Kayıp her taraftan. Kaybedenler var. Yalnız şu da var: Kazananlar olmasa
kaybedenler olmaz. Tersi de doğru. Yoktan var olmaz. Vardan yok olmaz. İşçi ve
emekçiler kaybediyor. Çok kazananlar var. Gelir bölüşümü insafsız bir hızla
daha da bozuluyor. Bundan bir sonuç çıkıyor: Türkiye’de lüks tüketim için
üretim ve gerçekten lüks tüketim için harcama alanları açılıyordu. Bu yüzden
Türkiye ekonomisi artık fakirleşen işçi ve emekçileri için, İslam’ın “tevekkül
felsefesi”ne daha çok muhtaç duruma geliyor.
Siyasal iktisadın duygusuz fakat açıklayıcı
mantığıyla bakınca ortaya şöyle bir tablo çıkıyor: Ufukta İslam var.
Aslında İslamcı baskı şimdi de var. Ufukta olan daha derin bir dinsellik.
Türkiye’de daha
yoğun İslamcı dinsellik nasıl artabilir? Kısaca üç yoluna işaret etmek gerekir. Birincisi
başında Erbakan’ın bulunduğu dinsel ve siyasal akımın güçlenmesi. İkincisi, bu
güçlenmenin, MHP, CHP ve AP gibi sermayenin diğer partilerini daha çok etkisi
altına alması. Burada “daha çok” diyorum. Çünkü halen yol almış durumda. İlk
zamanların kımız içen dinsiz Türk boylarını model alarak yola çıkan emekli
albay Türkeş’in hacı olması veya “laik” Cumhuriyet Halk Partisi Genel Başkanı
Bülent Ecevit’in “Allah” demeden konuşmasını bağlamaması alınmış olan mesafeyi
gösteriyor. Üçüncü bir yol da, dinselliği çok daha açık bir devlet politikası
haline getiren, albay Kaddafi türünden bir hükümet başkanının bulunması oluyor.
Bu üçüncü yolu şöyle formüle etmek de mümkün: 12 Mart
Süleyman Demirel’i başbakanlıktan indirdi. Ancak, esas olarak, Süleyman Demirel’in
politikasını uyguladı. Demirel’in bütün rakiplerini politika sahnesinden sildi,
Türkiye İşçi Partisi’ni kapattı, İnönü’yü tarihin derinliklerine gönderdi.
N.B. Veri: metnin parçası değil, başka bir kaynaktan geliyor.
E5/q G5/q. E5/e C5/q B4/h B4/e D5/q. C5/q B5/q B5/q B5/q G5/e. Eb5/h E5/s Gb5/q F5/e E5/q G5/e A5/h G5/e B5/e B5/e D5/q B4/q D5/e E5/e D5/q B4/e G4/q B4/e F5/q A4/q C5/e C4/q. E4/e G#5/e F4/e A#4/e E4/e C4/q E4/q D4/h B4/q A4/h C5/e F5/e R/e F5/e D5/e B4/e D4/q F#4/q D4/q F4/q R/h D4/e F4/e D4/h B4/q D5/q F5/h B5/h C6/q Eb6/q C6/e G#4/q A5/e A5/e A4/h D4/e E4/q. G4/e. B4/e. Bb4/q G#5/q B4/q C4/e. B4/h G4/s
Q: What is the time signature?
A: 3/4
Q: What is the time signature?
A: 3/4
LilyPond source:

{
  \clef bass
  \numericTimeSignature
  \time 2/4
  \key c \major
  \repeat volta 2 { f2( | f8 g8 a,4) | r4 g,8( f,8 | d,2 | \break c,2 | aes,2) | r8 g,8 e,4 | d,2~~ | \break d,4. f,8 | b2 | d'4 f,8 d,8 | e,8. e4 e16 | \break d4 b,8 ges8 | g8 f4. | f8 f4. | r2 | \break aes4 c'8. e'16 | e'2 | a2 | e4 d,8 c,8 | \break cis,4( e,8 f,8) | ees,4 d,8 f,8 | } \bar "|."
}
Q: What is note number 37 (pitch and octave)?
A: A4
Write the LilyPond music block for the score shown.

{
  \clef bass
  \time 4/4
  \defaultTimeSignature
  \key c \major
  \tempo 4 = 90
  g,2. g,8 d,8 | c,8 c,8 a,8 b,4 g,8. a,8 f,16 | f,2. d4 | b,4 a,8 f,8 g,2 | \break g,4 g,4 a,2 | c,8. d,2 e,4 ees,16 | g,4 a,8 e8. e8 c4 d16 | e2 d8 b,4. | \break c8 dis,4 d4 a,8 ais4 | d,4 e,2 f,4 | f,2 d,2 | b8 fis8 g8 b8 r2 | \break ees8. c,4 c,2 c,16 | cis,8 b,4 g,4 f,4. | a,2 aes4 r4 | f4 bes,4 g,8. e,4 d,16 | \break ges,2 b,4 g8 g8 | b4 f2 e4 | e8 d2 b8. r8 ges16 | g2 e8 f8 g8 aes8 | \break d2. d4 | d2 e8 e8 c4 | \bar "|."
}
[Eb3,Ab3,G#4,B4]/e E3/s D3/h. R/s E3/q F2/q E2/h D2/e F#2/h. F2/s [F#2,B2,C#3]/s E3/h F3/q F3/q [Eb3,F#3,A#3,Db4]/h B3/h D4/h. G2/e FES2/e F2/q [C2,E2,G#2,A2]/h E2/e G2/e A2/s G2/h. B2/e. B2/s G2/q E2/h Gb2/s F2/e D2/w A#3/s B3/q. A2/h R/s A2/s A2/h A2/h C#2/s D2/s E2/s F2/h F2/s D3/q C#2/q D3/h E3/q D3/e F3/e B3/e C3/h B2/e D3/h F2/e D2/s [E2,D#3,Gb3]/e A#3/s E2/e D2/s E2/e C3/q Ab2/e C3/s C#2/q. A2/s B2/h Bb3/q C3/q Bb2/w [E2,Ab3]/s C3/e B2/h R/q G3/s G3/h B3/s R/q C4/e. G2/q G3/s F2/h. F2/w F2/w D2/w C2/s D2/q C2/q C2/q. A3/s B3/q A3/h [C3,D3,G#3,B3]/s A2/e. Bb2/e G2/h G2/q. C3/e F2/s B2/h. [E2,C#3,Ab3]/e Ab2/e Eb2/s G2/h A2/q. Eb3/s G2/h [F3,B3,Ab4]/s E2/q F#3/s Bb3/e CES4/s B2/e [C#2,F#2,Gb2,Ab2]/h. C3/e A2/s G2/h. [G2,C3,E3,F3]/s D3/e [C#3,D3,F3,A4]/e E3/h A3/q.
Necmettin Erbakan’ın partisini kapattı, kendisini İsviçre’ye ikamete raptetti.
Şimdi çok daha kapsamlı bir yeni askeri müdahalenin bunun tersini yapması
mümkün. Tersi şu: Erbakan’ı
Türkiye’nin siyaset sahnesinden silip, Erbakan’ın temsil ettiği İslamcı dinsel
politikayı daha yoğun bir biçimde uygulamak.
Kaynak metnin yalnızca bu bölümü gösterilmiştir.